Work required –
Repeat the listing exactly, line by line, and leave the pictures behind.

Dataset content –
····················

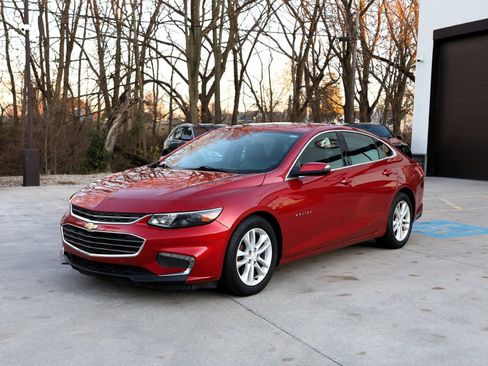 Used 2016 Chevrolet Malibu Hybrid w/ Leather Package image 3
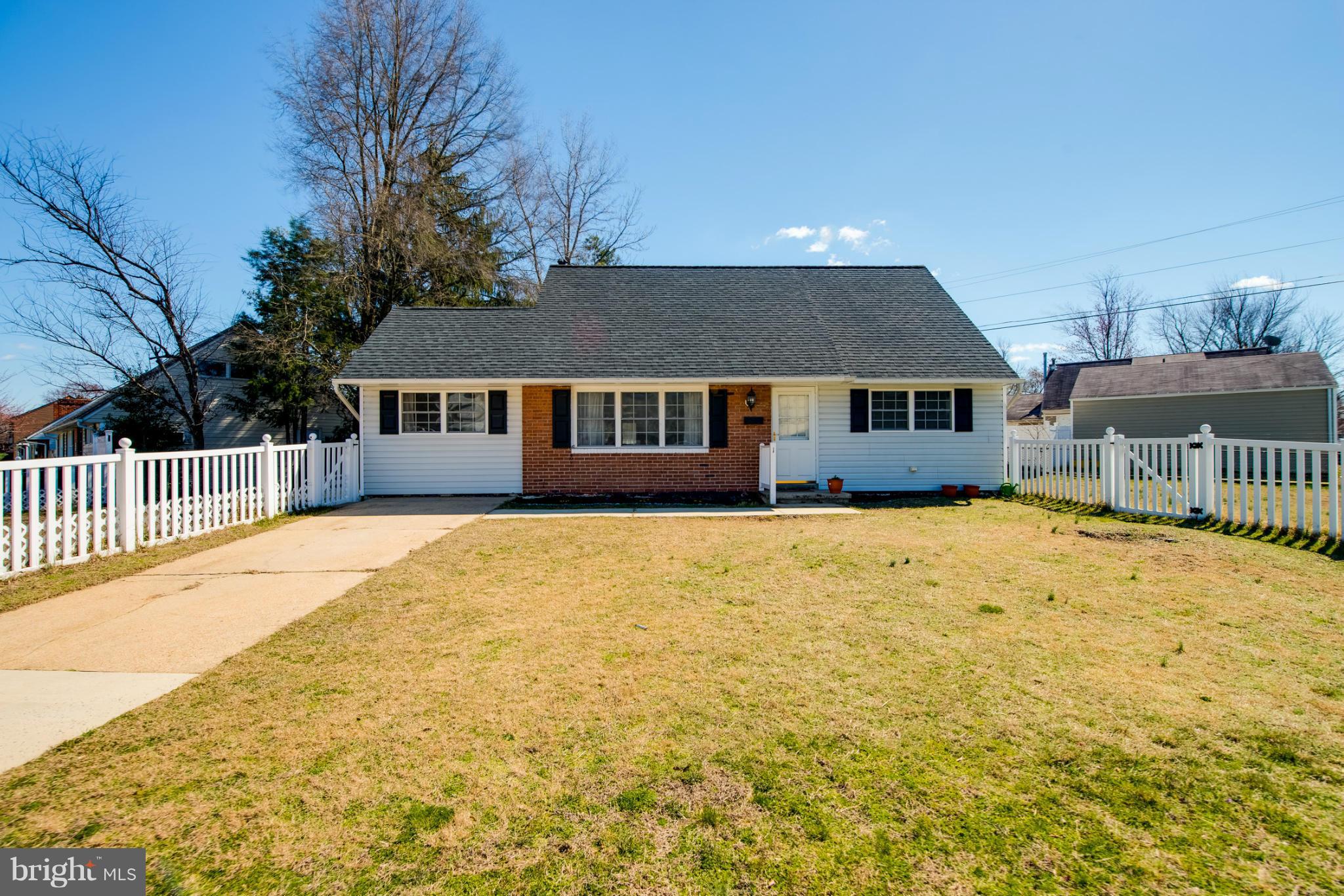 Well kept home in the community of Country Club Estates.  Wood floors throughout along with new granite counter tops in the kitchen.  Big family room addition on the back.  The large yard is fenced and has two sheds for storage.  Convenient to major roads for easy access to all areas.  Come see this beautiful home today and make it yours.
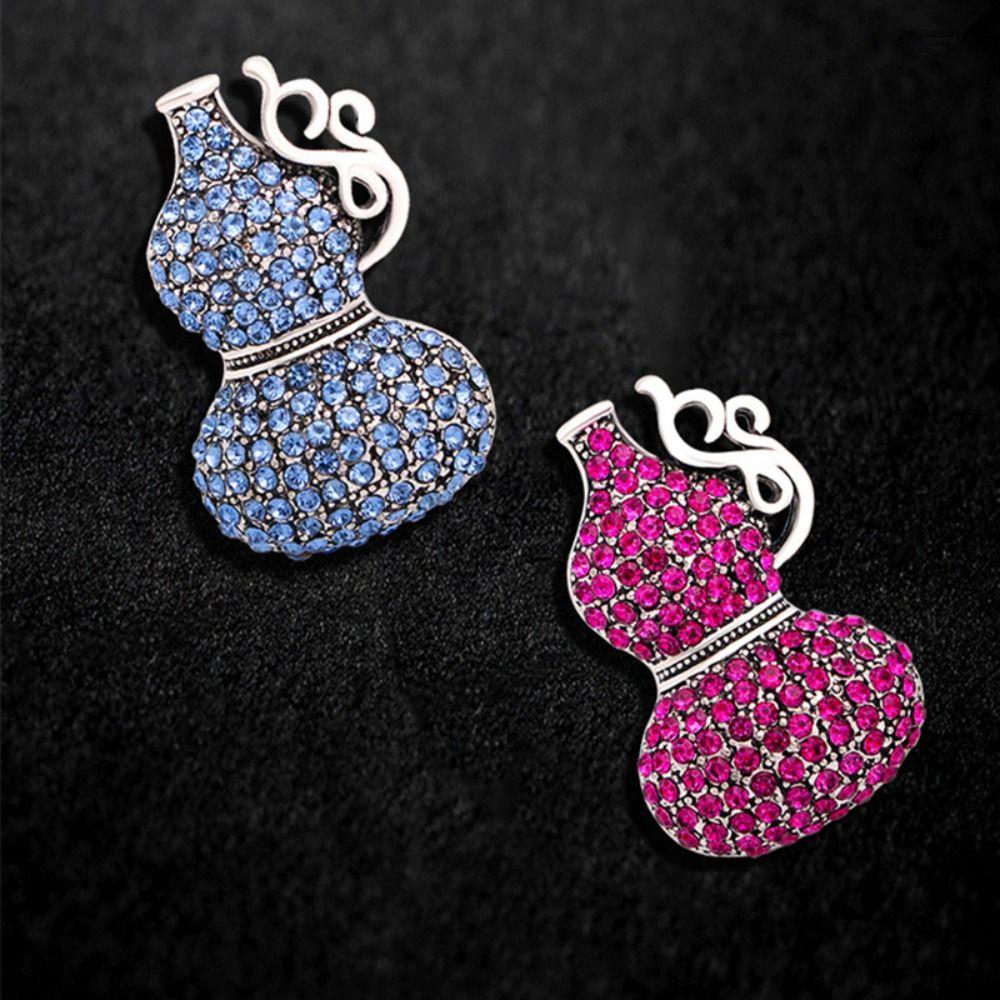 Solid Color Women Brooches Zinc Zinc Alloy Clothes Badges Fully-drilled Jewelry Daily Wear синий
Solid Color Women Brooches Zinc Zinc Alloy Clothes Badges Fully-drilled Jewelry Daily Wear синий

····················

Exercise answer –
 Used 2016 Chevrolet Malibu Hybrid w/ Leather Package image 3
 Well kept home in the community of Country Club Estates.  Wood floors throughout along with new granite counter tops in the kitchen.  Big family room addition on the back.  The large yard is fenced and has two sheds for storage.  Convenient to major roads for easy access to all areas.  Come see this beautiful home today and make it yours.
 Solid Color Women Brooches Zinc Zinc Alloy Clothes Badges Fully-drilled Jewelry Daily Wear синий
Solid Color Women Brooches Zinc Zinc Alloy Clothes Badges Fully-drilled Jewelry Daily Wear синий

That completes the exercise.